§ Records for processing
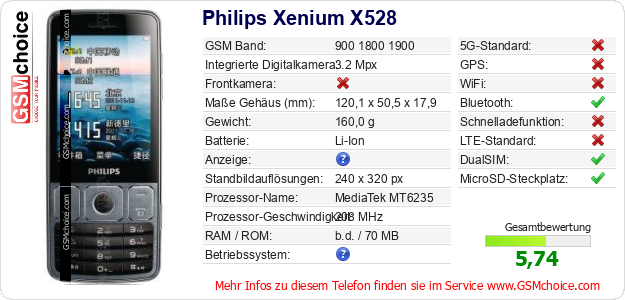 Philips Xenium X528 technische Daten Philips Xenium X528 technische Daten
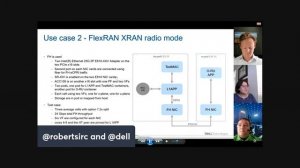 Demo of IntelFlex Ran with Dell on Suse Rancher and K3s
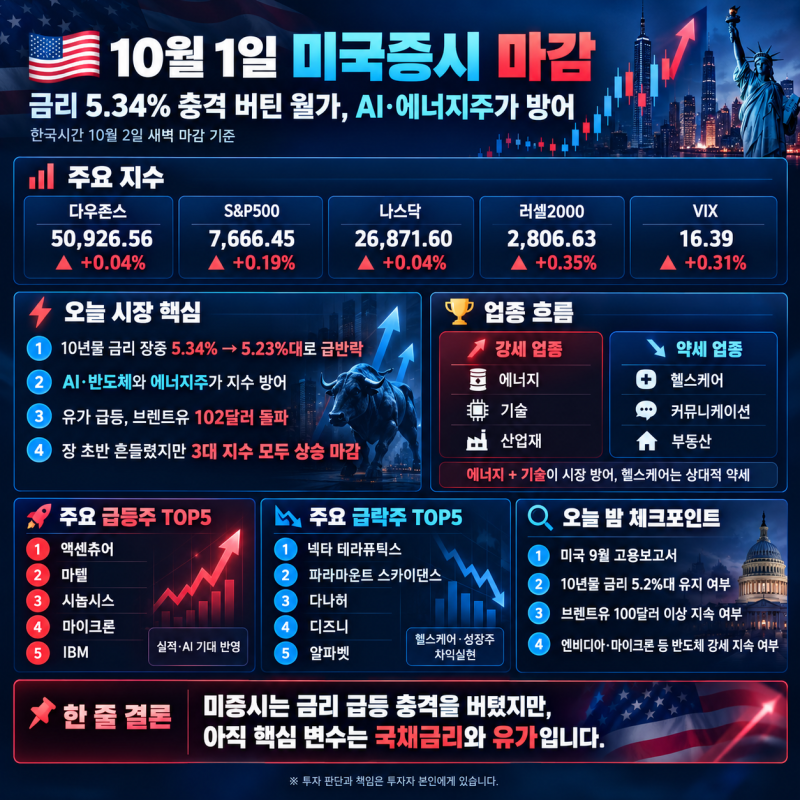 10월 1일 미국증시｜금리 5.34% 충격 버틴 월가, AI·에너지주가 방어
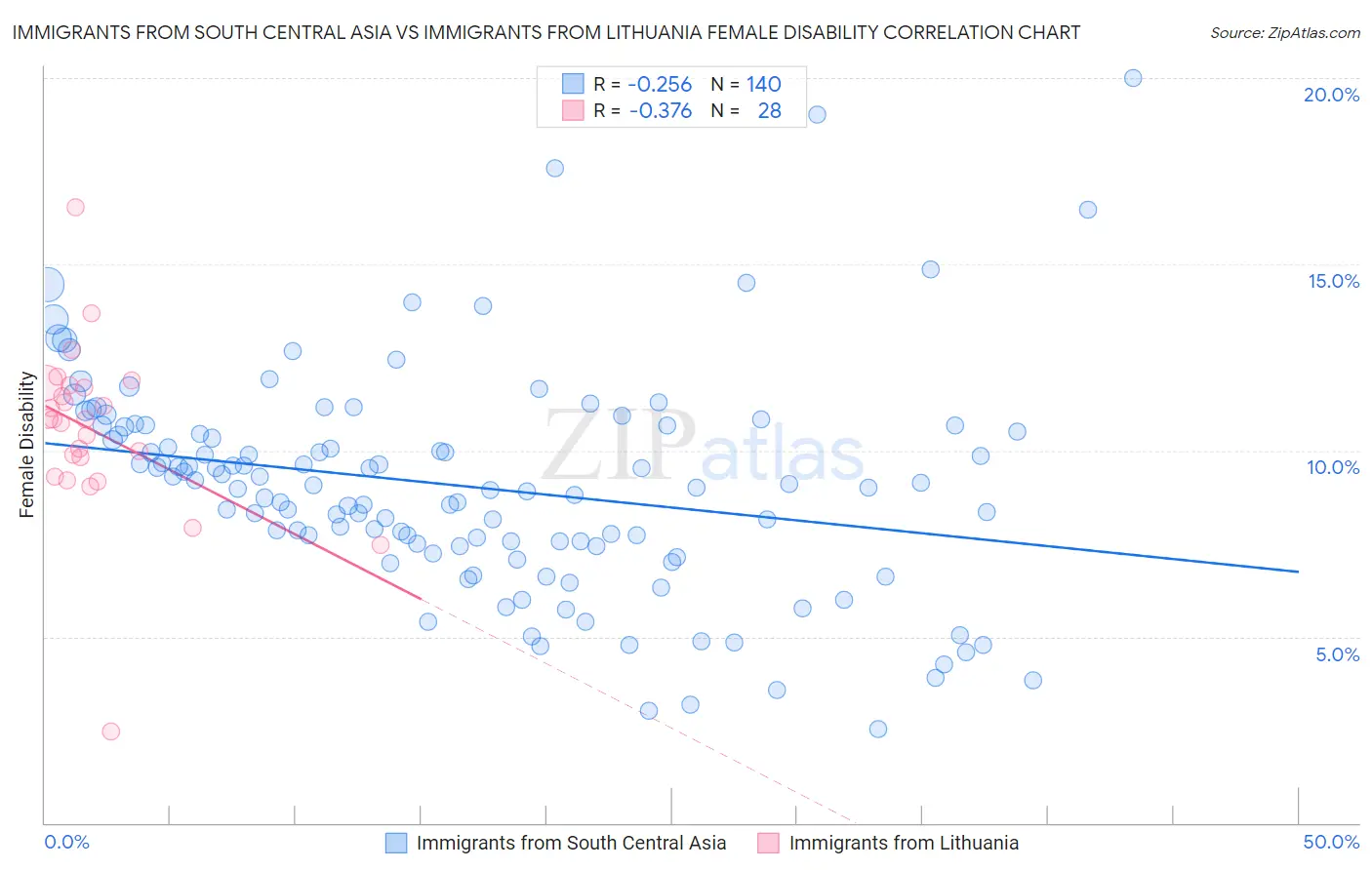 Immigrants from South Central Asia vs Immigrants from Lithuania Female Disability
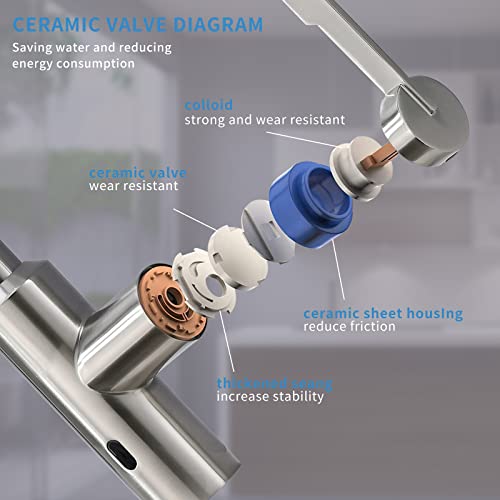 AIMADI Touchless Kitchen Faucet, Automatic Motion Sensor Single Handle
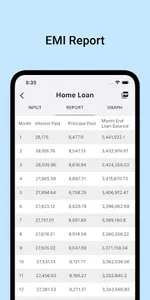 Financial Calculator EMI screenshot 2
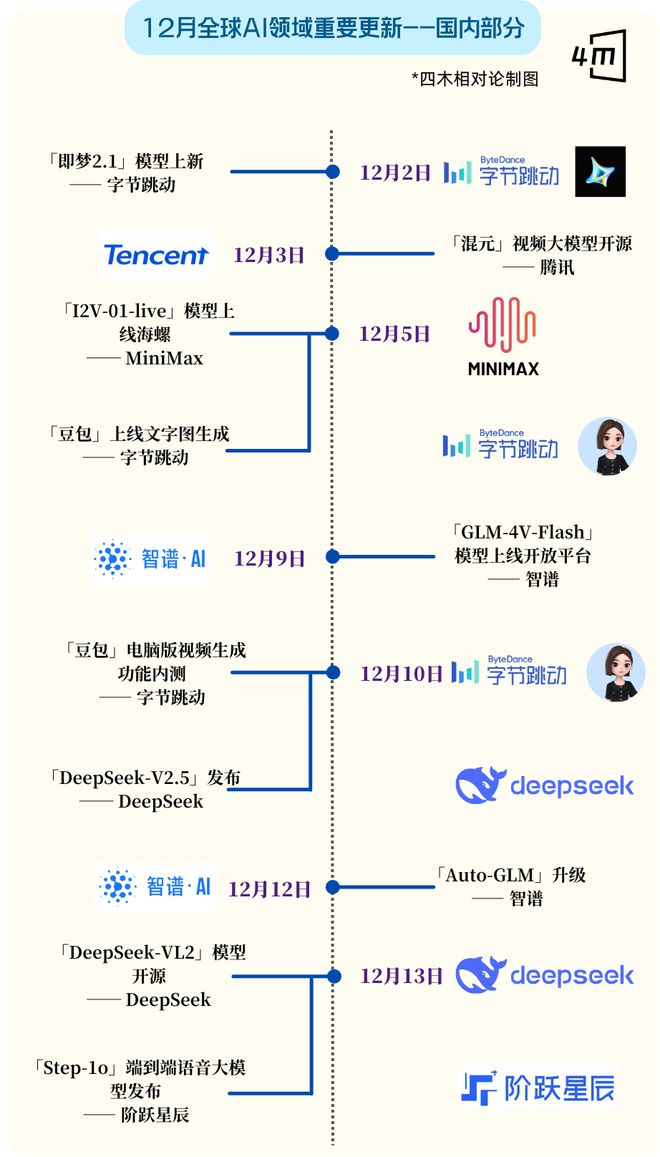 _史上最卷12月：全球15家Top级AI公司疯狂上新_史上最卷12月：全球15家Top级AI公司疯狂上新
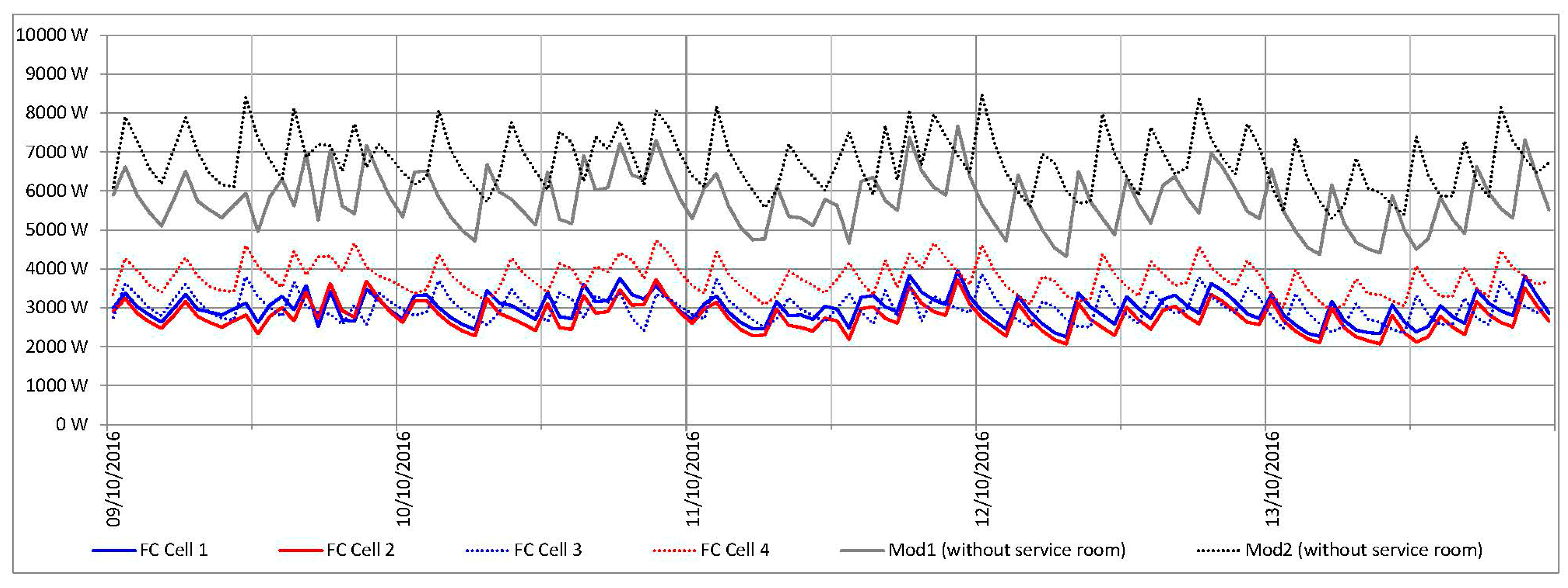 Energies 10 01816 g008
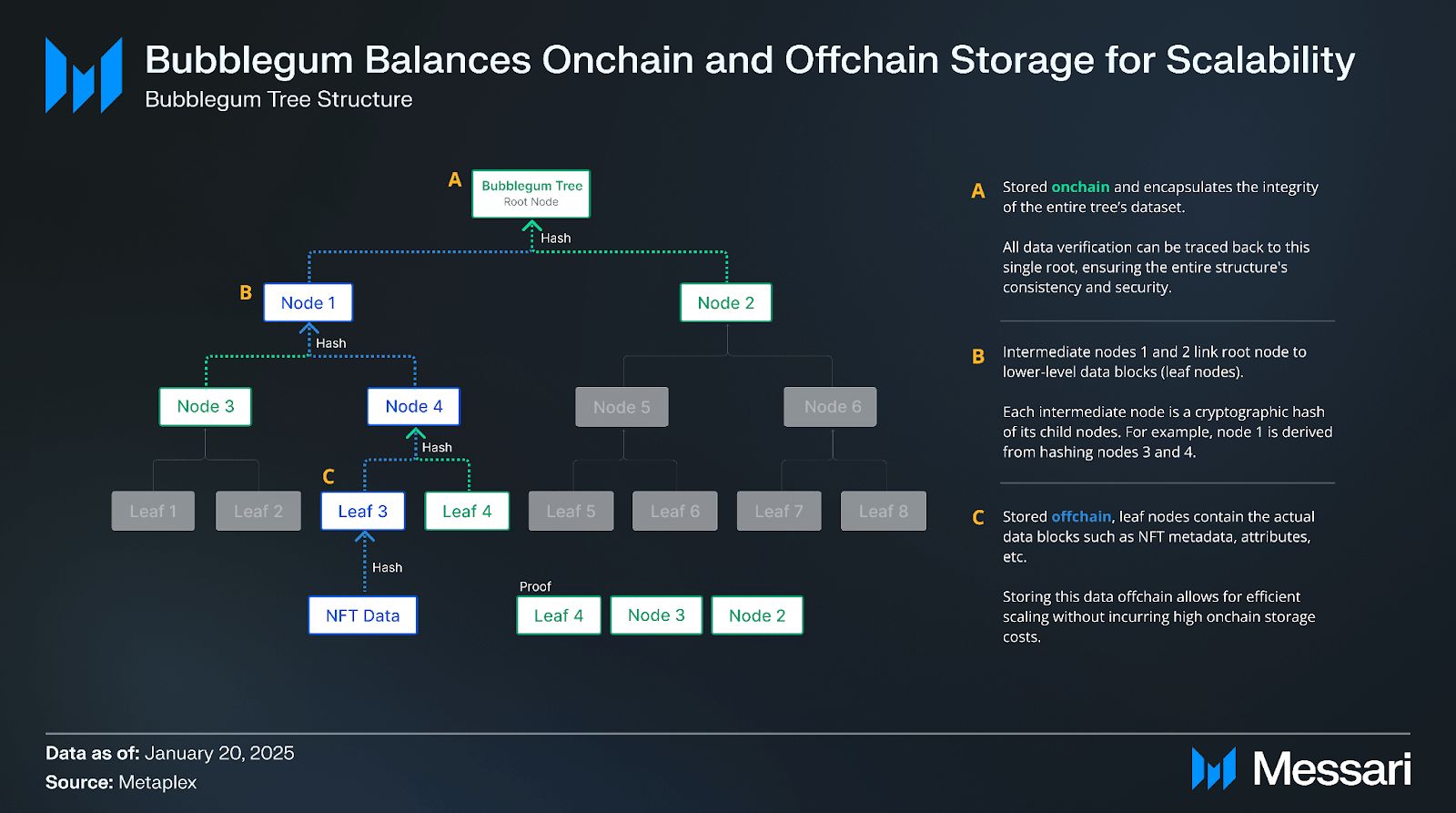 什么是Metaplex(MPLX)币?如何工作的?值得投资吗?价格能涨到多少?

§ What to produce
Copy back exactly the lines above from the one containing "Immigrants from South" through the one containing "Energies 10 01816 g008", and leave every picture behind.

§ Output
 Immigrants from South Central Asia vs Immigrants from Lithuania Female Disability
 AIMADI Touchless Kitchen Faucet, Automatic Motion Sensor Single Handle
 Financial Calculator EMI screenshot 2
 _史上最卷12月：全球15家Top级AI公司疯狂上新_史上最卷12月：全球15家Top级AI公司疯狂上新
 Energies 10 01816 g008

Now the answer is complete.